Many of the organisations were formed around 2001, shortly after the introduction of political reforms by King Hamad bin Isa Al Khalifa, who came to power in 1999. Firas Gharaibeh, the UN Development Programme's deputy resident representative to Bahrain, described the country's civil society as "vocal and active". "There is increasing awareness, for example, on domestic violence," he said. "NGOs can reach these issues at the grassroots level."
Among the NGOs that make up Bahrain's robust civil society is the Migrant Workers Protection Society. One case it worked on this summer has generated a huge response from the community. For three years Lakshmi worked as a maid for a family who would not allow her to leave. The Indian woman did not receive her salary and had no contact with her husband and two children. Cataracts clouding her eyes were left untreated.
Lakshmi became a symbol for some domestic workers. But her case, which came to light this summer, might have gone unnoticed were it not for the action of the NGO set up to protect workers. "One of the saddest parts of this story is that she felt as though this is her lot in life," said Marietta Dias, the head of the society's action committee. "Civil society is growing from strength to strength and the societies here are doing tremendous work," Mrs Dias said. "They are tackling major issues such as domestic violence and child abuse. There is still a lot to be done, but it is moving in the right direction."
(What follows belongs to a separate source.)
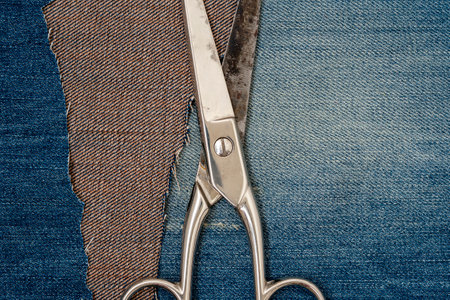 Old tailor scissors on blue jeans background.Upcycle old denim garbage. Recycling old jeans.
The protection society is located in a small, quiet neighbourhood of Adliya, a suburb close to Manama, where clusters of signs point the way to a variety of organisations. "From day one we worked to take care of migrant workers; that is our mandate," Mrs Dias said. Although her organisation was founded only in 2005, Mrs Dias, 65, has been an active volunteer in Bahrain since the 1960s, when as a young mother she joined her husband, who had taken a job on the island. Today, the society has 40 members, both Bahraini and expatriate volunteers.
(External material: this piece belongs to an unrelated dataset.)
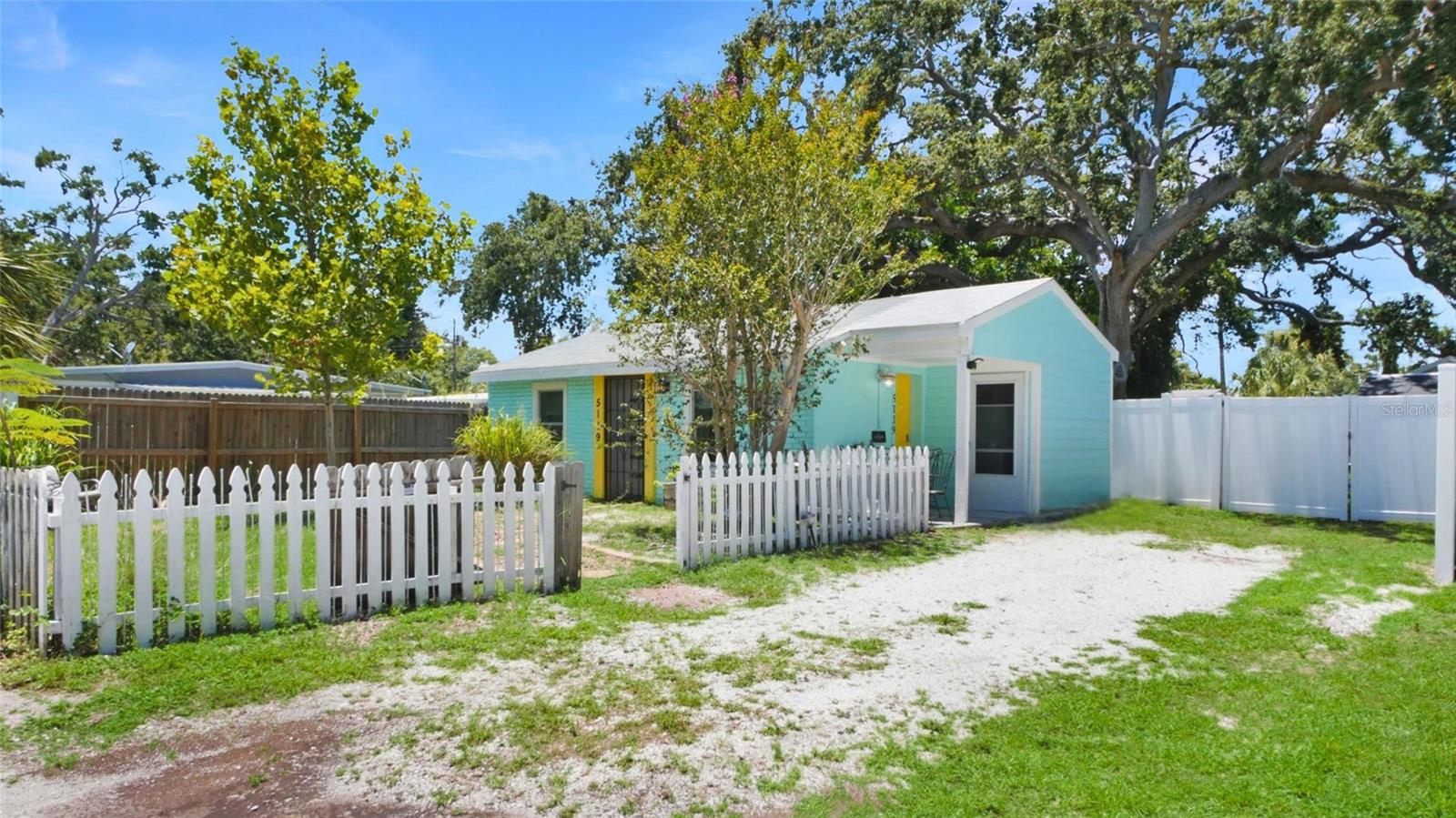 Driveway with plenty of parking and access to back yard.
There still is a lot of work to be done, particularly in changing mindsets in society and advocating on behalf of those who otherwise would not necessarily have a voice, Mrs Dias said. According to Najwa Janahi, the director of NGOs at the ministry of social development, civil society organisations in Bahrain "complement the work of the government through their social role within the community". "NGOs in Bahrain are well aware of its development role in society, and they are actively engaged at many levels, spanning the community, economy and human rights," she wrote in an e-mail.
Sanaa Mahdi, 39, is among 13,000 teachers who are members of the Bahrain Teachers' Society, which advocates for issues including better wages and working conditions for its members. "I became a member because this is the right way [to protect] my rights," she said. "Teachers are important and are the foundation for the country's next engineers, doctors. There is not enough appreciation for what teachers do."
Mrs Mahdi, who is the secretary of the society, said she believes Bahrain has developed a vibrant civil society because of a culture of people advocating for their rights. "In Bahrain the people are more open-minded and it helps to bring more members into so many NGOs," she said. "People here are maybe not as well off as [other GCC countries] so they need to work stronger for their rights." The Bahrain Human Rights Society was among the NGOs launched in 2001 and among the first to deal specifically with rights issues on the island. Today, the organisation, which has about 40 active members, raises awareness about human rights, receives complaints and investigates alleged violations.
One of its main issues relates to allegations of torture in the country - dealing with cases as well as the rehabilitation of victims - according to Abdullah Alderazi, the society's secretary general. "We also work on issues of transitional justice and reconciliation," he said. Abdullah Abdul Malik, the spokesman for the Bahraini Society Against Normalisation with the Zionist Enemy, said his organisation works to keep the Palestinian question in the public eye.
"Palestine is the main issue for the Arab world, from when we were young, Palestine is always in our mind," he said, seated in his Adliya office with iconic images from the West Bank and Gaza posted on the walls. "It has been over 60 years and still it is the first cause for us, the Arab people." Mrs Janahi believes the wide spectrum of organisations also bolsters the democratic nature of Bahraini society, and are characterised by their "transparency, accountability, and co-governance".
"These values have become popular among individuals and the community as a whole, which would help strengthen democracy in the country," she said. A new law to regulate the sector, currently before the parliament, will replace legislation from 1989. "The new law is drafted generally according to the new trends in regard to civil society action and the prospects of the new role that NGOs have to play," Mrs Janahi said.
Not all organisations have been able to operate freely. The Bahrain Centre for Human Rights was officially closed in 2004, two years after it was registered with the ministry, for alleged violations of the current law. Nevertheless, according to the centre's president, Nabeel Rajab, the group is still active. "We have civil society and we have strong communities, which are very influential in the political, cultural and social arenas," he said. "Neither the government or religion are the 100-per-cent players."